(This is not an ideal first post of 2009, but it will have to do.)
I've noticed that people with hg tend to do backouts using "hg backout", because, well, it's a command named "backout". However, what this actually does is it places the inverse of the given commit as a child of it. Then, you have to merge the two heads to actually get the backout onto the mainline tip.
This works, but it leaves lots of turds in the commit history, and especially lots of commits with the uninteresting comment "merge": except these commits are the ones that actually get the backout into shape on the trunk!
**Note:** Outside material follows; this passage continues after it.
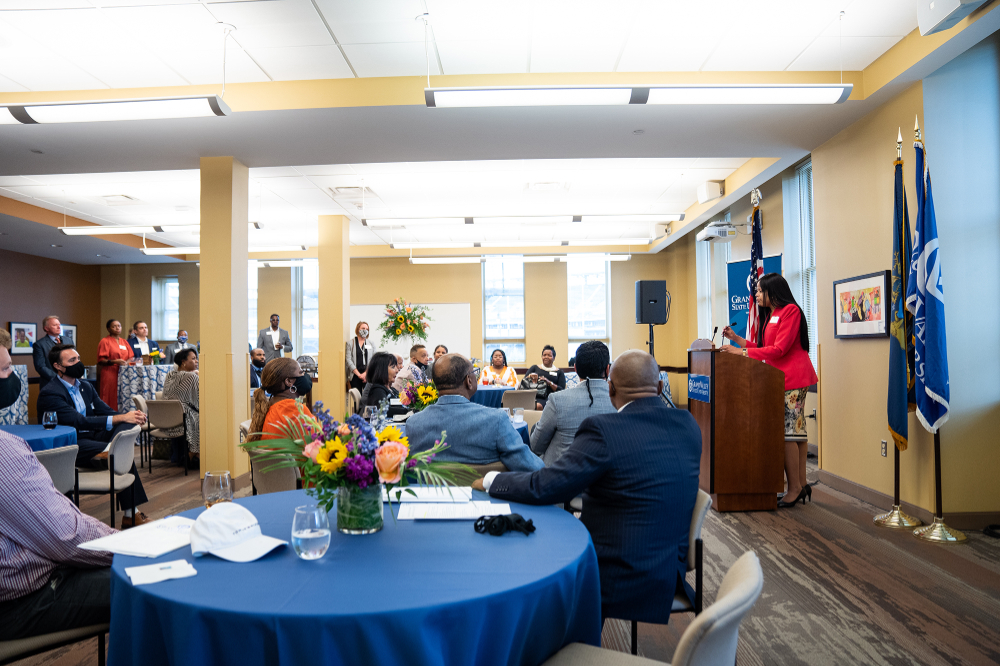 Mikyia Aaron talks to the audience from a podium at the Detroit Center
If fixups were needed as part of the merge, this makes it much more difficult to reland the patch later on if necessary.
Instead, I suggest that we do backouts essentially manually; for example, if you want to back out commit 5:
hg export 5 | patch -R -p1 ... fix up any patch failures ... hg commit -m "Backing out bug 12345, changeset abcd1234"
This leaves the history clean, and allows someone to reverse the backout by performing the same operation again.
If the commit is complex (has binary data or adds, moves, or removes files), the above won't work as intended, unless someone can find me a patch that can apply git-format patches with -R. For those cases, you should still use backout, or fix up the additions/removals manually by examining hg status (or hg addremove on a clean tree).
Happy backing out!
long live ‘bzr uncommit’
(try ‘bzr rocks’ once)
I support this.
Doesn’t moco pay various people to work on hg? It seems like me like this would be trivial to implement as a command-line flag for hg backout (fixing the complex-patch issue along the way), and it would save people from remembering what to type.
Well, obviously git-apply can apply git-format patches in reverse. Actually, git-apply is better than patch in many ways; not least is that it won’t modify any files until it’s verified that the patch will apply cleanly. If Mercurial is using the Git patch-interchange format, I’d be very surprised if it doesn’t come with the basic tools for working with that format.
Yeah, 1 to getting this built into Mercurial. I hate the merge turds, though it is nice to be able to use the same command in any situation.
-R as a parameter for hg import would make this a piece of cake.
I started off doing hg backouts using hg export|patch -Rp1, but after the first time I screwed up a backout that involved adding/removing files, I decided it wasn’t worth the risk.
I guess writing a script that will take a patch and reverse all the operations in it (e.g. replace by -) shouldn’t be too hard – and the resulting patch can be applied via “hg import” then. Using “hg export|patch -R” is really too risky for my taste.
hg doesn’t provide bidirectional binary git diffs, so git-apply –reverse won’t help you there, as I found out the hard way. You could always try combining backout, export and rollback to generate a reverse diff.